Lord Willingdon (1931-1936)

  • The second Around Table Conference, 1931
  • Restarting of the Disobedience Movement, 1931
  • The communal award, 1932 & the Poona act
  • Third Round Table Conference, 1932
  • The Government of India of 1935

Communal Awards

  • The Communal Award was announced by the British Prime Minister, Ramsay MacDonald, in August 1932.
  • This was yet another expression of British policy of divide and rule.
  • The Muslims, Sikhs and Christians had already been recognised as minorities.
  • The Communal Award declared the depressed classes also to be minorities and entitled them to separate electorates.

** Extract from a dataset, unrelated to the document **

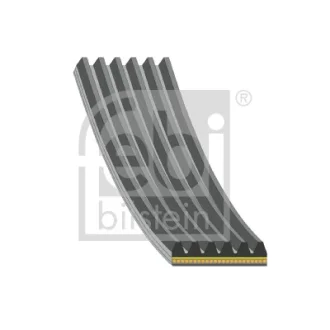 Ремінь генератора Citroen C4/Jumper/Dacia Duster/Peugeot 307/Boxer 1.5D-2.0D 94- FEBI BILSTEIN 188463 Купити в Україні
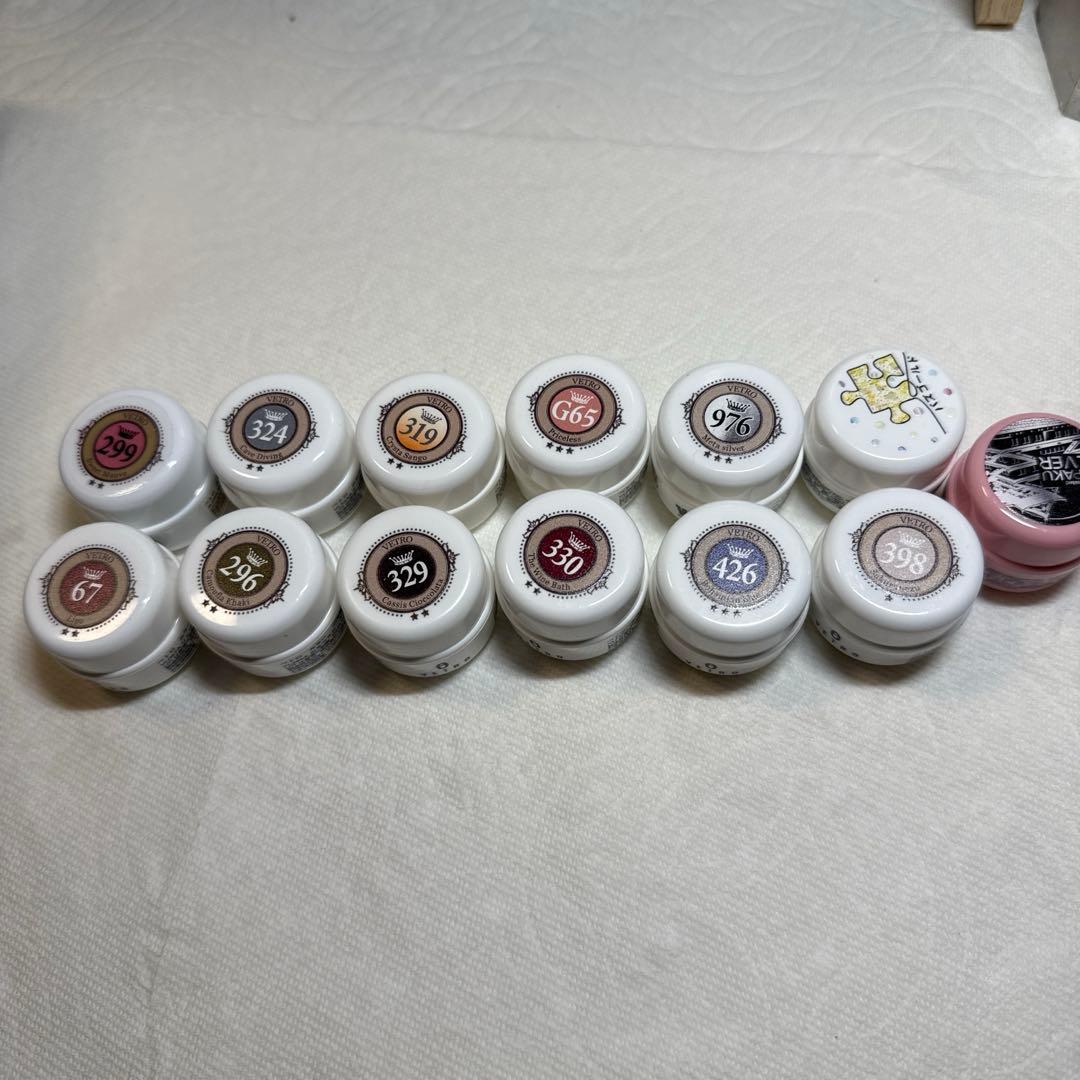 べトロ、カラージェル - メルカリ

Gandhi’s Reaction to Communal Awards

  • The effort to separate the depressed classes from the rest of the Hindus by treating them as separate political entities was vehemently opposed by all the nationalists.
  • Gandhi saw the Communal Award as an attack on Indian unity and nationalism.
  • Once the depressed classes were treated as a separate political entity, he argued, the question to abolishing untouchability would get undermined
  • He said that separate electorates would ensure that the untouchables remained untouchables in perpetuity

poona pact

Gandhi demanded that the depressed classes be elected through joint and if possible, a wider electorate through universal franchise, while expressing no objection to the demand for a larger number of reserved seats. And to press for his demands, he went on a fast unto death in the Yeravada jail.


Poona Pact

  • Finally, an agreement was reached between Dr Ambedkar and Gandhi, Known as the Poona Pact
  • Accordingly, seats reserved for the depressed classes were increased from 71 to 147 in provincial legislatures and 18 % of the total in the central legislature.
  • In every province out of the educational grant an adequate sum shall be ear-marked for providing educational facilities to the members of Depressed Classes.
  • The Poona Pact was accepted by the Government as an amendment to the Communal Award.

B R Ambedkar

  • He was a jurist, a statesman, a social reformer and a leader of the depressed classes.
  • He was born in Mahar caste in Mahu (M P) in 1891.
  • He went for higher studies to England and America.
  • He was the first graduate of Mahar caste.
  • He participated in all the three Round Table Conferences.
  • He signed Poona Pact with Gandhi Ji in 1932.
  • From 1942 to 1946, he was in the Executive Council of the Governor General.
  • He organized the Indian Labour Party, Scheduled Caste Federation and People’s Education Society.
  • He was the chairman of the Drafting Committee of our Constitution.
  • He also piloted the Hindu Code through the Indian Legislature.
  • From 1947 to 1951, he was a law minister in Nehru’s cabinet.
  • Towards the end of his life he embraced Buddhism.

The Government of India Act, 1935

Government of India Act of 1935 was passed on the basis of

  • the report of the Simon Commission
  • the outcome of the Round Table Conferences
  • the White Paper issued by the British Government in 1933

Main features of this act were

  • Provision for the establishment of an All India Federation at the Centre, consisting of the Provinces of British India and the Princely States
  • It did not come into existence since the Princely States refused to give their consent for the union
  • Division of powers into three lists viz. Federal, Provincial and Concurrent.
  • Introduction of Diarchy at the Centre
  • The Governor-General and his councilors administered the “Reserved subjects”
  • The Council of Ministers were responsible for the “Transferred” subjects
  • Abolition of Diarchy and the introduction of Provincial Autonomy in the provinces.
  • The Governor was made the head of the Provincial Executive but he was expected (not bound) to run the administration on the advice of the Council of ministers.
  • Provincial Legislatures of Bengal, Madras, Bombay, United Provinces, Bihar and Assam were made bicameral.
  • Extension of the principle of Separate Electorates to Sikhs, Europeans, Indian Christians and Anglo Indians
  • Establishment of a Federal Court at Delhi with a Chief Justice and 6 judges.